Ranger has been upgraded to use Gradient Centralization. See: https://arxiv.org/abs/2004.01461 and github: https://github.com/Yonghongwei/Gradient-Centralization
It will now use GC by default, and run it for both conv layers and fc layers. You can turn it on or off with "use_gc" at init to test out the difference on your datasets.
(image from gc github).
The summary of gradient centralization: "GC can be viewed as a projected gradient descent method with a constrained loss function.

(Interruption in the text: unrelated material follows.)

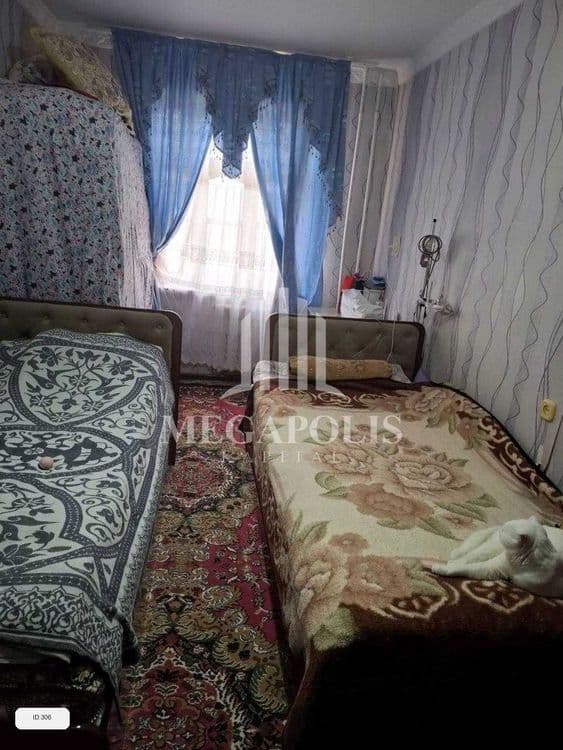 Buxoro shaharda 2 xonali kvartira arzon narxda sotiladi.№306 — 2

The Lipschitzness of the constrained loss function and its gradient is better so that the training process becomes more efficient and stable."

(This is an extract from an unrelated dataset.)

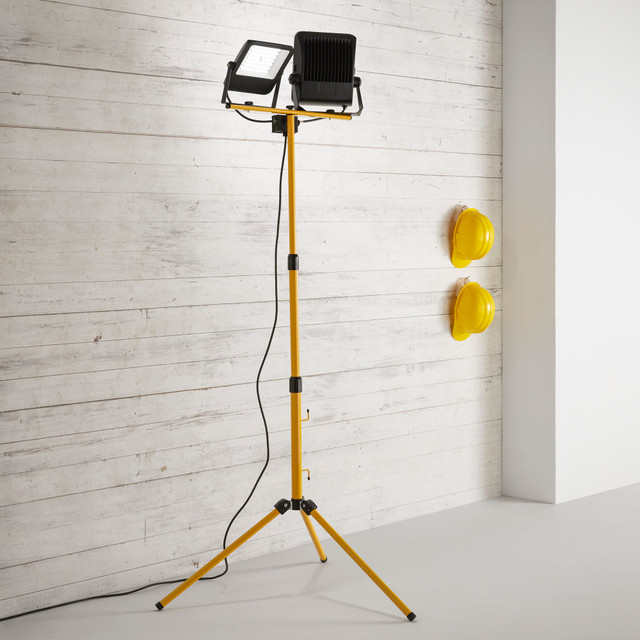 trépied avec 2 projecteurs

Note - for optimal accuracy, make sure you use run with a flat lr for some time and then cosine descent the lr (72% - 28% descent), or if you don't have an lr framework... very comparable results by running at one rate for 75%, then stop and decrease lr, and run remaining 28%.
Ranger will print settings at first init so you can confirm optimization is set the way you want it:
Future work: MARTHE, HyperAdam and other optimizers will be tested and posted if they look good.
12/27 - added DiffGrad, and unofficial version 1 support (coded from the paper).
12/28 - added Diff_RGrad = diffGrad + Rectified Adam to start off....seems to work quite well.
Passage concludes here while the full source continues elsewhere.